I am quite intrigued by graphic novels and look forward to reading some of them, especially those by Alan Moore. I was therefore very happy when I spotted some graphic novels in Landmark, Blossoms and Crossword here in Bangalore. The happiness was rather short-lived as I discovered that they were quite expensive. There is no way I am going to shell out 800 rupees for such a thing when I don't even know if I am going to like it and especially since many of them are in a rather battered condition probably caused by many people browsing through them but then deciding to not buy them.

2006-05-17

Google and Maths

"Fuzzy Maths", an article on Google in the latest edition of The Economist, contains this interesting bit:

Google constantly leaves numerical puns and riddles for those who care to look in the right places. When it filed the regulatory documents for its stockmarket listing in 2004, it said that it planned to raise $2,718,281,828, which is $e billion to the nearest dollar.
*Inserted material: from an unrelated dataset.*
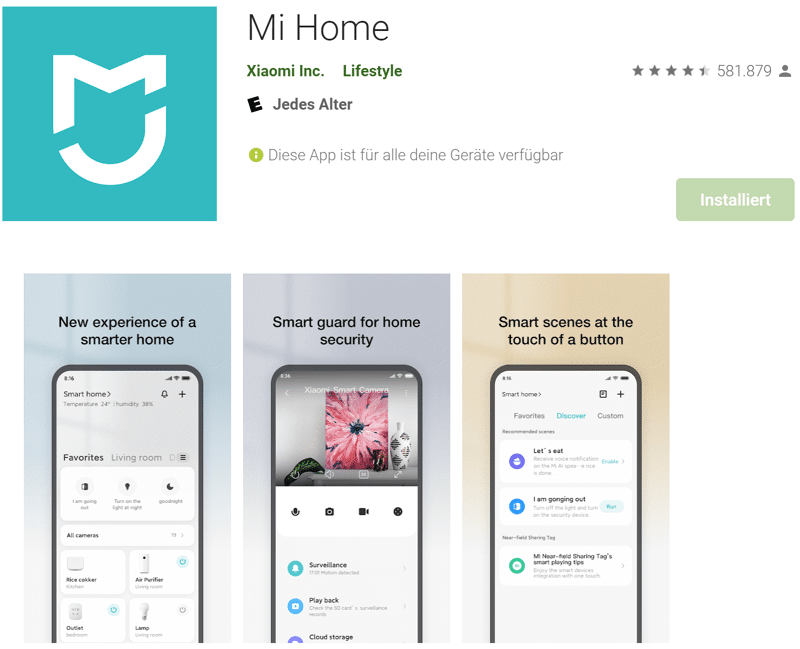 Die Xiaomi Home App steht im App Store zum Download zur Verfügung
A year later, it filed again to sell another batch of shares -- precisely 14,159,265, which represents the first eight digits after the decimal in the number pi (3.14159265).

Their famous recruitment campaign and their very name further reinforce the impression of their obsession with Mathematics.

(Originally posted on Advogato.)

2006-04-07

ZINC

ZINC is a variant of the game of Core War in which programmes (called "warriors") fight each other in a battle to control a virtual computer. The programmes are written in a simple language called Redcode and run inside an emulator known as Memory Array Redcode Simulator (MARS). ZINC implements a simpler and more symmetric dialect of the Redcode language than the current International Core War Society (ICWS) standard known as ICWS-94.

To get a feel for ZINC and Redcode, look at the following simple warrior:

; Bomb every fourth cell in the core with a "DAT #0".
org start
target:
dat #0
start:
add #4, $target
mov #0, @target
jmp $start

Redcode looks very similar to the assembly language of many modern microprocessors. A DAT #0 instruction indicates the number 0 stored as the datum at that location in memory. This instruction is itself encoded as 0 and is not executable - an attempt to execute this instruction leads to the death of a warrior. So the warrior shown above (called "Dwarf", a classic Core War warrior) bombs every fourth location in the core in the hopes of fatally wounding an opponent. Note that Core War only supports relative addressing and @ represents indirect addressing (the location pointed to contains a pointer to the final location). More details, including a tutorial for beginners, are available in the ZINC User Manual as well as on sites like www.koth.org and www.corewar.info. There is also an active USENET newsgroup rec.games.corewar for Core War enthusiasts.


ZINC is currently at version 0.1 and is Free Software released under the GNU General Public Licence (GPL).


By the way, I expect to receive a lot of flame for my decision to not recognise TAB characters as whitespace in the Redcode dialect implemented by ZINC.

(Originally posted on Advogato.)

2006-03-28

Tatjana van Vark

Tatjana van Vark looks like an amazing Dutch inventor and machinist. Just look at her works and you'll know what I mean. My favourites were the oscilloscope that she created when she was just 14 years old and an Enigma-like "Coding Machine". I just wish they had put up some more information about the devices than just the pictures. Another of those humbling experiences for yours truly.

(Originally posted on Advogato.)

2006-03-27

Miscellaneous

Steve Yegge is now on Blogger for those of you who can't seem to have enough of his rants.


Ranjit Madampath pointed me to a rather hilarious entry on Frameworks in the Joel on Software discussion group.


Planet Scheme used to be available as planet-scheme.yi.org, but it seems to be dead now. I used to like reading the aggregated weblogs of a lot of smart Scheme hackers, the weblog of Jose Antonio Ortega Ruiz in particular.